PoingGranville, ou les deux facettes d’une cité.

 

De Granville, on a surtout l’image d’une vieille ville escarpée, tournée vers la mer.

Une ville donc agréable, au passé évocateur, une de ces cités où il fait bon flâner pour y humer les traces de générations de marins ayant fait son histoire comme y chercher les reflets des premières émotions du jeune Christian Dior.

Il y a une autre face à cette ville, moins reluisante mais bien plus préoccupante : l’avenir de l’école. Enfin, celle de l’école publique.

En 1981, 2 186 enfants de Granville dans les écoles publiques et confessionnelles, 1 450 dans les écoles publiques, 736 dans le privé, soit la moitié.

Aujourd’hui, donc trente ans après tout juste, 1 151 enfants de Granville (et des communes alentours pour certains) fréquentent les écoles.

1 151, soit la moitié !

Ces élèves continuent à se répartir entre l’école publique et dans l’école privée : 552 enfants dans les 4 écoles publiques, et 599 dans les écoles confessionnelles !

Et oui : il y a plus d’élèves dans le privé que dans le public… triste record…

On ne peut que s’interroger sur la politique de la ville suivie ces dernières décennies, aussi bien dans la conduite du suivi des logements sociaux que dans celle touchant directement l’école, c’est à dire le péri-scolaire, qui existe, maintenant.

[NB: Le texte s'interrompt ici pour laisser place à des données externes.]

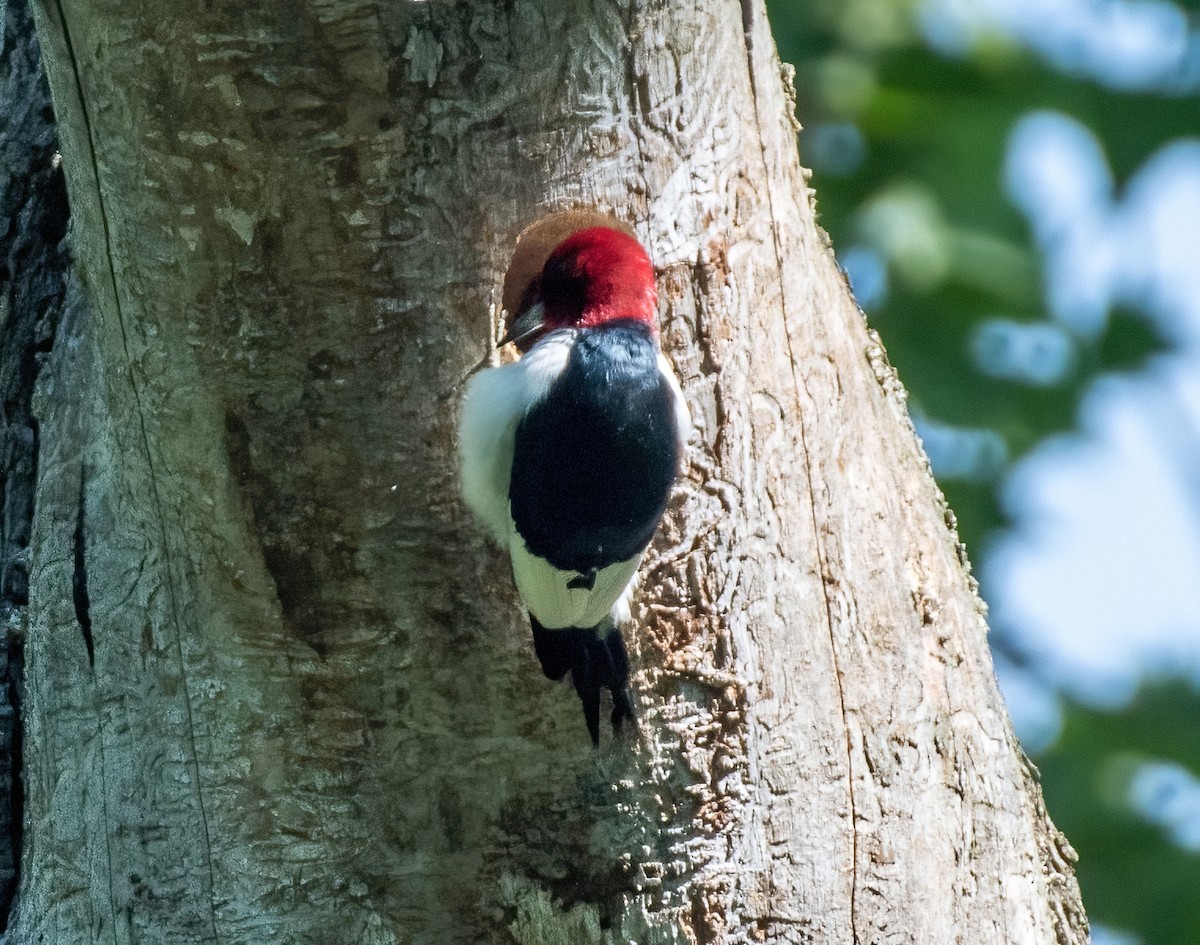 Red-headed Woodpecker - ML619631818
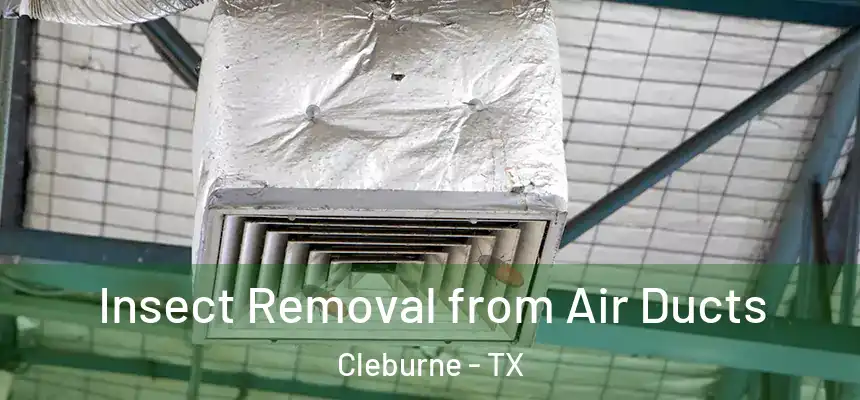 Insect Removal from Air Ducts Cleburne - TX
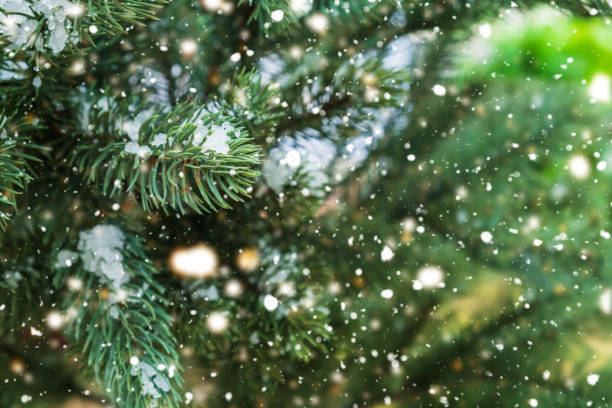 istock Christmas tree and New Year holiday background 1167315790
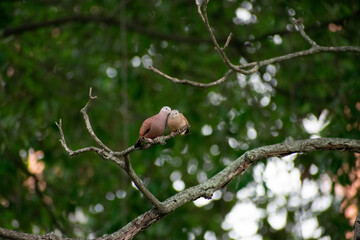 Reddish Dove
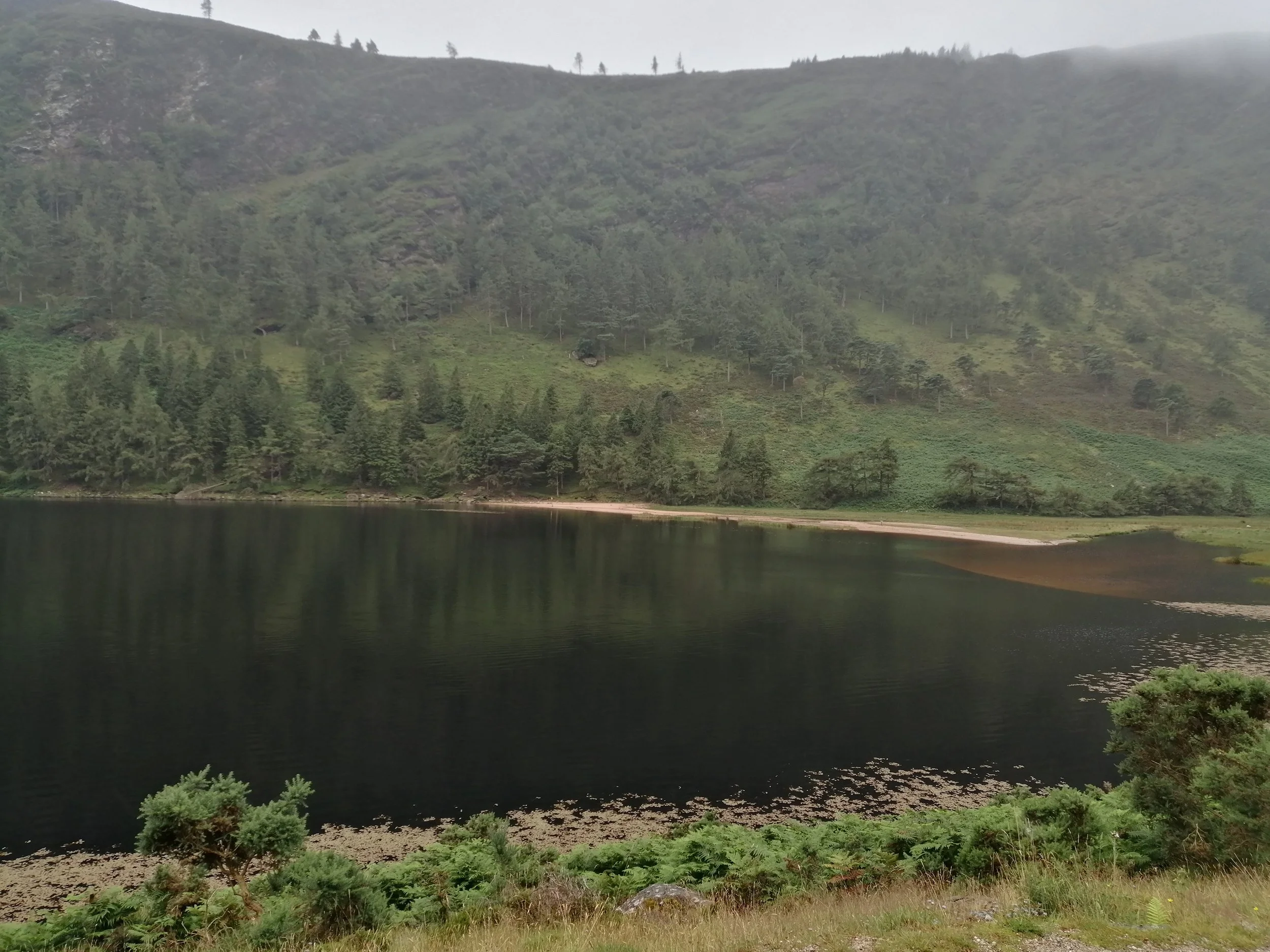 A still, dark mountain lake reflecting a mist-covered forested hillside on an overcast day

Le privé a mis en place des structures d’accueil avant et après l’école depuis longtemps.

Le privé accueille les 2 ans sans soucis quand l’inspection académique restreint au maximum la possibilité de les inscrire en fixant un quota aux écoles.

Cette concurrence déloyale, liée à une frénésie immobilière délirante a donc entrainé une fermeture très importante du nombre de classes sur Granville.

Mais la baisse démographique continue.

Tant et si bien que des bruits courent : il s’agirait maintenant de fermer une école ! D’ailleurs, la municipalité l’a annoncée cette fermeture. Mais quelle école ? Publique, bien sûr… mais pas dans le centre-ville…

Alors laquelle ? Curie ? Ferry ? Macé ?

Service public

Tentez votre chance ! Toutes les réponses sont bonnes ! A qui le pompon ?

Drôle de champ de foire ou l’absence de réelle concertation laisse la place à toutes les interprétations.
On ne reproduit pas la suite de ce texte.